Anne Waldman

 

Outrider

Essays • Poems • Interviews


200 pages


6 x 8 inches


ISBN: 1-888809-48-5 • 978-1-888809-48-0


$18.00

 

 

 

Anne Waldman has been speaking about the “outrider” tradition since 1974 when she and Allen Ginsberg founded the Jack Kerouac School of Disembodied Poetics at Naropa, a Buddhist-inspired university in Boulder, Colorado. This book gathers several essays, poems & rants, an interview with her by Matthew Cooperman, and an interview by her with Nicaraguan poet Ernesto Cardenal in an attempt to further articulate a sense of this tradition from Walt Whitman to the present. Not a dry presentation, this book is an fierce and loving look at what poetry can be. Outrider is an iinvocation of “lineage” as a challenge toward examining the practice of poetry and the links of its history. This awareness of lineage encompasses both what has been inherited and what needs be passed on. Waldman’s Outrider will be a provocative contribution to a post-millennium poetics.
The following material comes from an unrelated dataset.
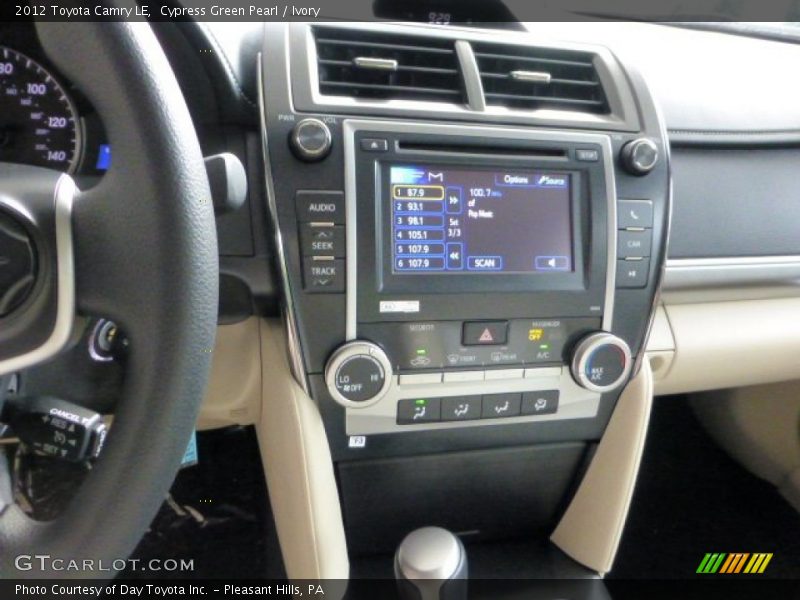 Cypress Green Pearl / Ivory 2012 Toyota Camry LE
“The Outrider holds a premise of imaginative consciousness. The Outrider rides the edge—parallel to the mainstream, is the shadow to the mainstream, is the consciousness or soul of the mainstream whether it recognizes its existence or not. It cannot be co-opted, it cannot be bought. Or rides through the chaos, maintaining a stance of “negative capability”, but also does not give up that projective drive, or its original identity that demands that it intervene on the culture. This is not about being an Outsider. The Outrider might be an outlaw, but not an outsider. Rather, the outrider is a kind of shaman, the true spiritual “insider”. The shaman travels to zones of light and shadow. The shaman travels to edges of madness and death and comes back to tell the stories.”
—from the essay “Premises of Consciousness: Notes on Howl”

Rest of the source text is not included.